These past few weeks and months gaming has had a little aroma of what it used to feel like, the PC isn’t being treated as an outcast as much – if not having been accepted again as a properly viable platform of sorts. Though all that may be the current generation consoles showing their age; it may be short lived once the next XBox or PlayStation pop their heads out of the parapet. The trend is often seen as the ebb and flow of long term gaming and system popularity swings back and forth.
Rather than that, a singleplayer game actually kept ahold of my wandering attention span which always has something more productive or awesome to be doing (though rarely does in an evening). Of course, this game is non other than The Elder Scrolls V: Skyrim – in all honesty I had forgotten how much I adored the TES series, since my first adventures in Morrowind the Dunmer homeland to my battles and wanderings in Oblivion the Imperial capitol – I realised it was a series that I spent a lot of time playing.

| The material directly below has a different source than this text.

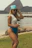 A stylish woman wearing a sleek Pacific Blue swimsuit standing by a sunlit beach cabana.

Just as it takes an Elder Scrolls game to trigger my nostalgia and reignite my interests, it also takes a batch of new games to remind me that my system is approaching its own end. Rather, my CPU and Memory (in turn my Motherboard) are bottlenecking my otherwise fine XFX Radeon HD5870. This triggers memories of playing GTA: Vice City at less than 30 (probably less than 20) frames per second, I do believe a CPU and/or Memory upgrade were key back then in remedying my problem – followed by my amazement at how smooth it played.
Experience says…
Basically this is the joy of PC gaming for some, that moment when you realise your rig is at its end and needs an upgrade. You’re reluctant to fork out another wad of money, of course you could consider overclocking but that is a hassle and may not actually sort your issue out (or indeed generate new issues).
Now, dear gamer, it is a knowledge and timing game – you could rush off to your nearest store and buy the bits that are decent now. Or you can see what Intel and AMD have on the horizon and hold out just that little bit longer, this may be rewarded with lower prices on current components or indeed even better next generation price/performance.
This is my current situation with Intel, AMD already revealed their cards which were rather disappointing (the Bulldozer FX CPUs). I’m now waiting on Ivy Bridge, due April to see what my choices are. I’m also aiming to either double or quadruple my memory, so either 8GB or 16GB respectively (12GB doesn’t seem to be worth aiming for price wise).
What’s next?
My list of incomplete games is still increasing steadily, Deus Ex: HR (and DLC), The Witcher 2, Skyrim and now Serious Sam 3: BFE; all my main priorities to get done – but in no particular order and at varying paces. I have plenty of other real things to be getting in the way of gaming, hence my often slow progress with some of the larger games.
I will probably post some thoughts on co-operative gaming based on some experience, though mostly anecdotal stuff.